The incident has also renewed fears of a second wave of the virus, especially at a time when hundreds of thousands of Germans are embarking on foreign holidays to Spain, Greece and Portugal – and triggered a barrage of calls and emails to the region’s travel agents from residents worried about their summer breaks.

Whilst many Güterslohers had until recently lived in the hope of being able to go on holiday – if not necessarily abroad, then at least elsewhere in Germany – many are now being turned away by other states, who say they are not wanted. The Baltic coast island of Usedom has sent home 14 tourists from the district, while Lower Saxony has issued a “lodging ban” on visitors from Gütersloh and Schleswig-Holstein announcing they would have to undergo a two-week quarantine.

Austria has gone further: labelling the entire state of North Rhine-Westphalia a coronavirus hotspot and urging its citizens to stay away. Travellers from the region will not be welcome in Austria, its chancellor, Sebastian Kurz, has said.

Gütersloh is now mass-testing with Tönnies footing the bill, amid calls for its CEO, Clemens Tönnies, to be held to account for an outbreak health inspectors say they believe was triggered by the company failing to abide by physical distancing and hygiene rules in the factory, its canteen and the workers’ accommodation. Tönnies is reported to have initially resisted calls to hand over contact details for its workers, allegedly hampering the track-and-trace effort. The CEO has admitted mistakes and pledged to change the company.
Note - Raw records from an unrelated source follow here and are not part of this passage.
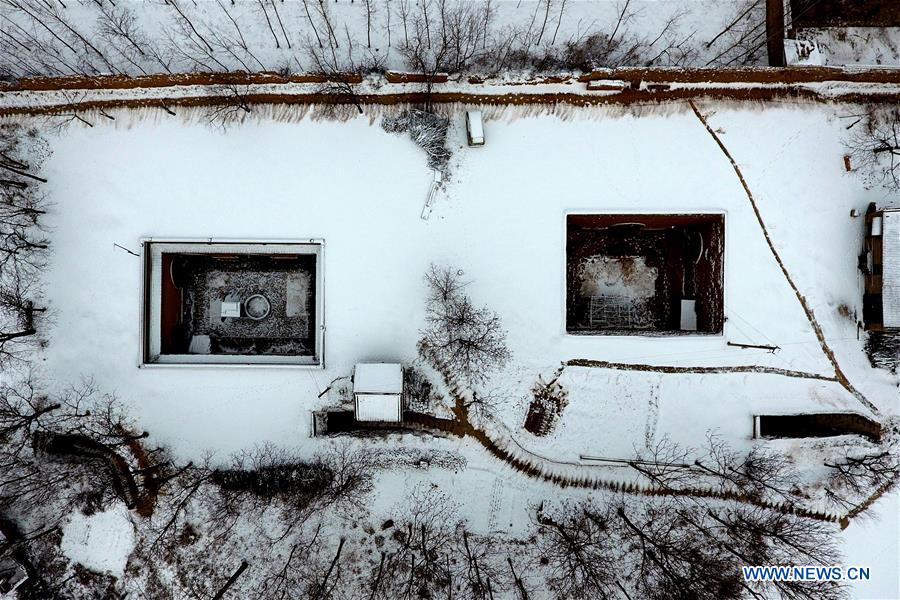 CHINA-SHANXI-SNOW-UNDERGROUND CAVE DWELLING COURTYARD (CN)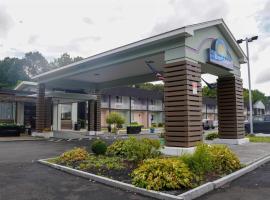 Days Inn by Wyndham Southington, hotel in Southington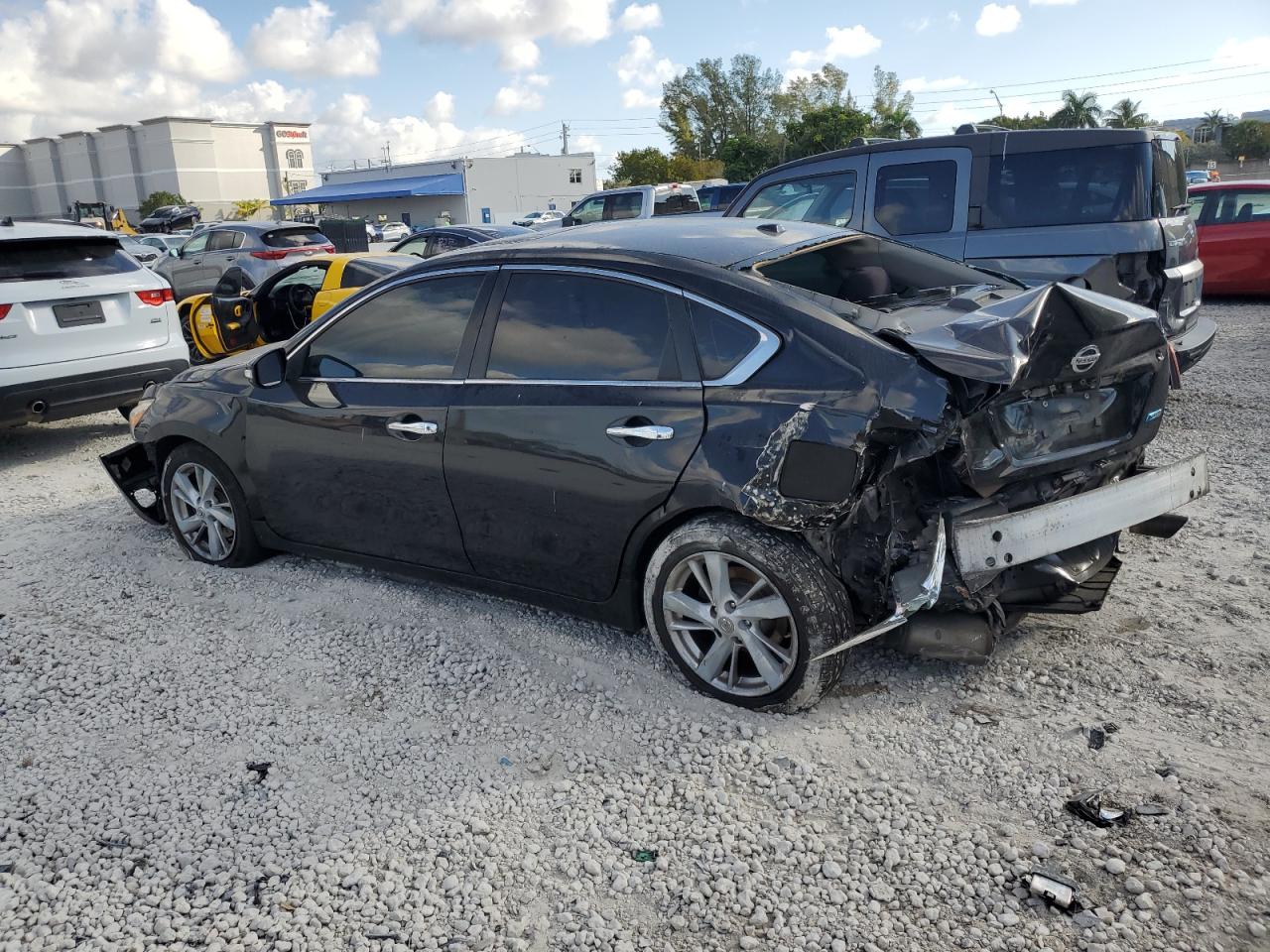 2013 Nissan Altima - Image 2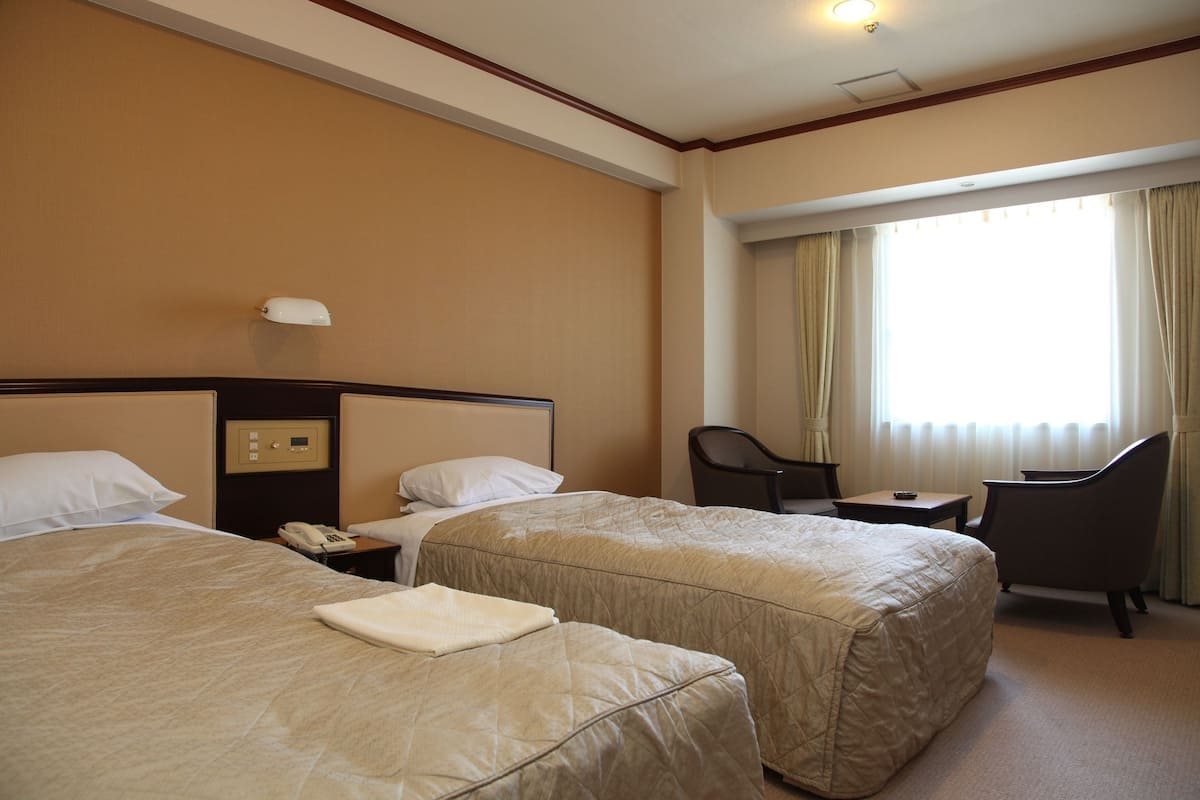 Kamar Twin Standar | Meja kerja, setrika/meja setrika, Wi-Fi gratis, dan seprai linen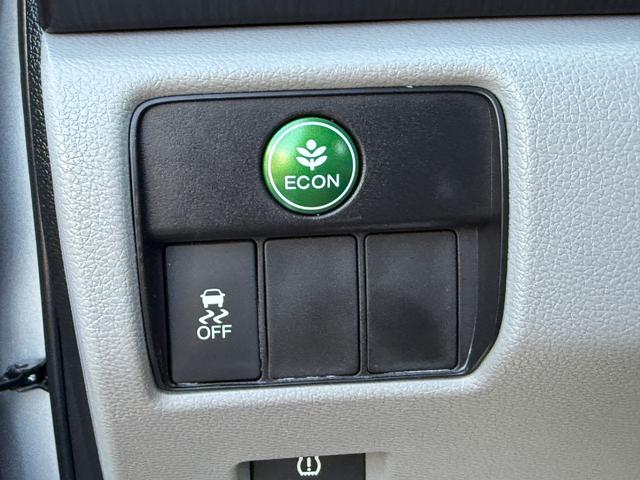 Honda Accord Sedan Vehicle Full-screen Gallery Image 23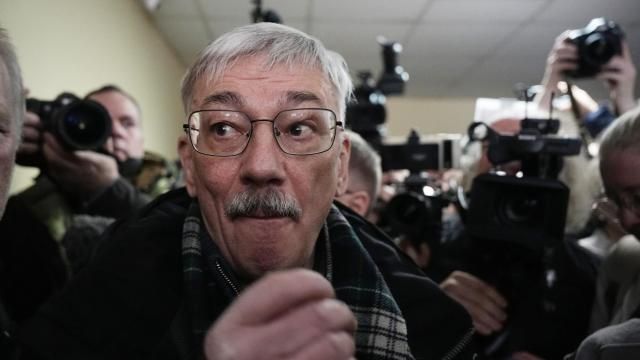 The co-chair of Nobel Peace Prize winning Memorial Human Rights Centre Oleg Orlov stands surrounded by journalists prior to a court session for a new trial on charges of repeated discrediting Russian military, in Moscow, Russia, on Tuesday, Feb. 27, 2024. (AP Photo/Alexander Zemlianichenko) The co-chair of Nobel Peace Prize winning Memorial Human Rights Centre Oleg Orlov stands surrounded by journalists prior to a court session for a new trial on charges of repeated discrediting Russian military, in Moscow, Russia, on Tuesday, Feb. 27, 2024. (AP Photo/Alexander Zemlianichenko)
Fans of Schalke, the Gelsenkirchen football club where Tönnies is the chair of the supervisory board, have vented their fury by hanging protest banners at the club grounds.

A banner reading ‘Tönnies Out’ at the FC Schalke ground. Photograph: Ina Fassbender/AFP/Getty Images

Armin Laschet, the head of North Rhine-Westphalia, has called for other regions of Germany not to overreact, insisting the coronavirus tests – now being offered to everyone who wants one – will ensure Güterslohers can prove they are virus free.

He has urged residents only to leave their communities “when it is necessary to do so”, though authorities have admitted they are dependent on people’s good will.

But there is much evidence to show that that is growing thin. Thousands of Gütersloh citizens queued in the sun on Wednesday at the local corona diagnosis centre for the free tests, which they said they hoped would enable them to travel. Three teams of medical staff are working round the clock to meet demand, testing up to 100 people per hour, according to local media.

“I wanted to go on holiday to Brandenburg,” said Rainer Bart. “We’re supposed to leave in a few days and the kids are literally sitting on their suitcases raring to go. We hope that if we get a negative test result we can present it to our landlords so that they won’t have reason to turn us away just because we come from Gütersloh.”